**** The data

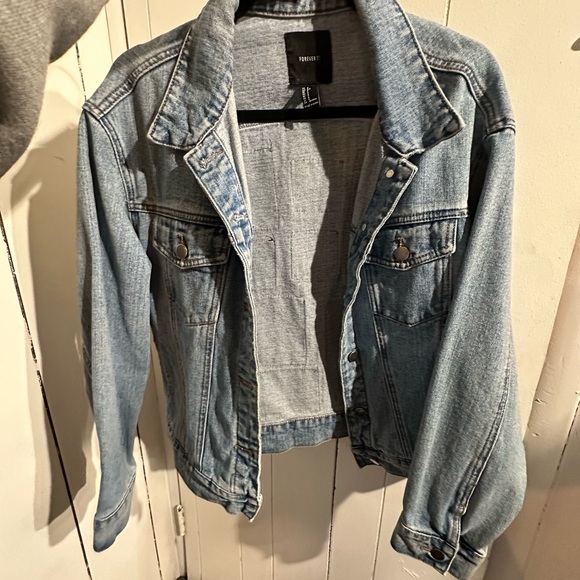 FOREVER 21 Jean jacket with photos on back - Picture 3 of 5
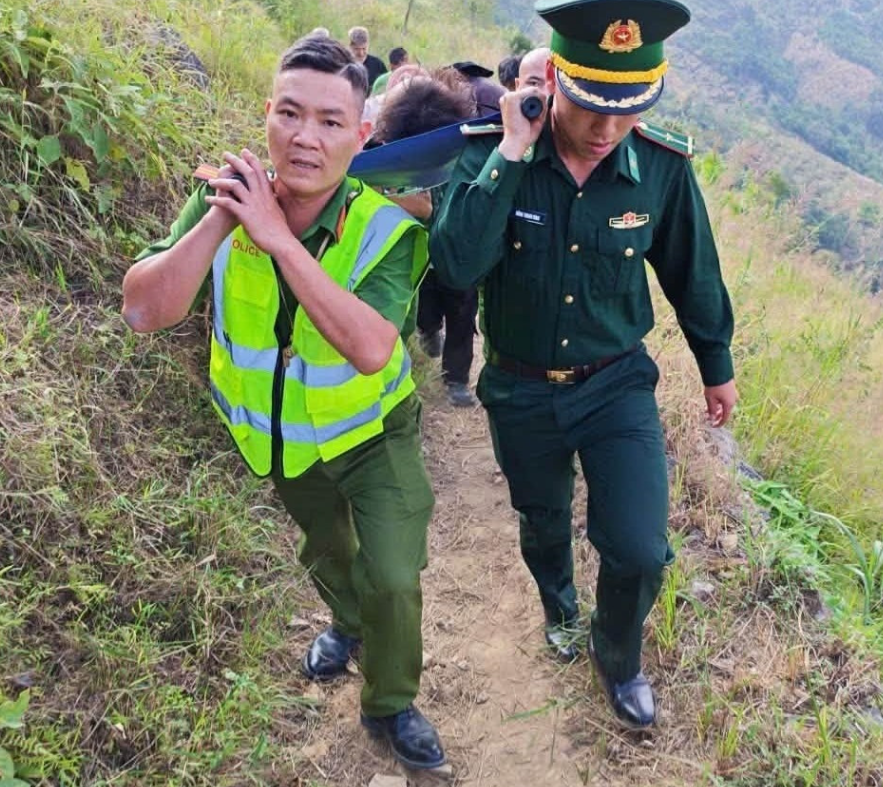 Công an xã Lũng Cú đã phối hợp với lực lượng biên phòng cứu hộ, đưa nạn nhân tới vị trí an toàn. Ảnh: CACC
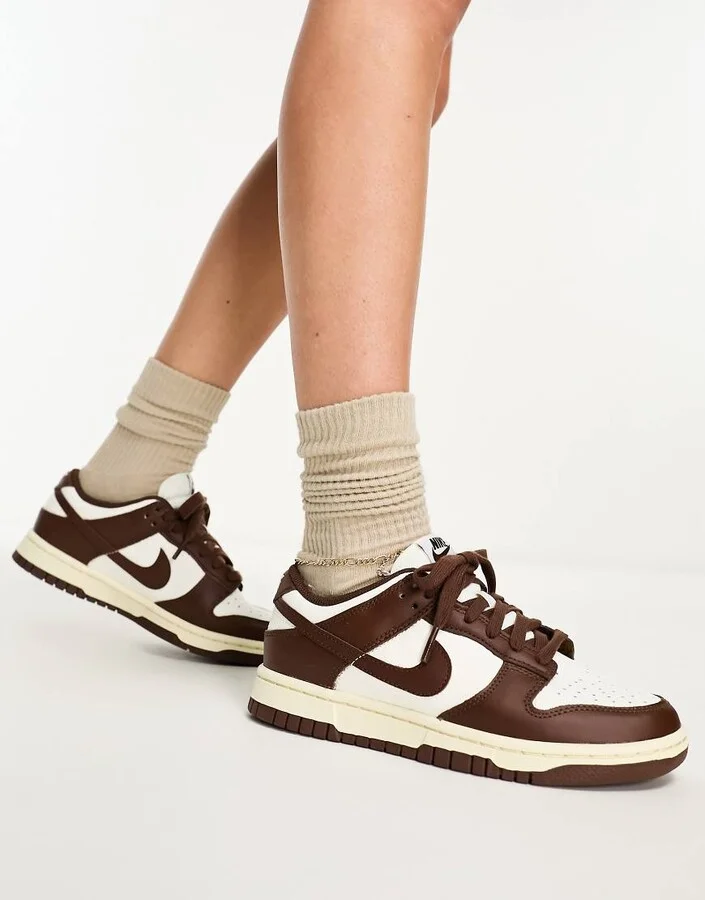 Nike Dunk Low sneakers in brown and off white - Image 4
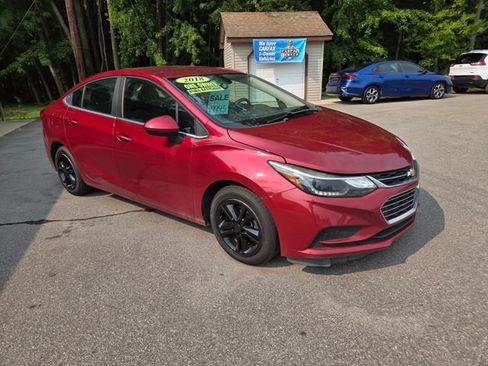 Used 2018 Chevrolet Cruze LT w/ Convenience Package FWD image 8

********

* **Task details**: Each line of the listing above should be retyped exactly, with no pictures.

* **Task result**:
 FOREVER 21 Jean jacket with photos on back - Picture 3 of 5
 Công an xã Lũng Cú đã phối hợp với lực lượng biên phòng cứu hộ, đưa nạn nhân tới vị trí an toàn. Ảnh: CACC
 Nike Dunk Low sneakers in brown and off white - Image 4
 Used 2018 Chevrolet Cruze LT w/ Convenience Package FWD image 8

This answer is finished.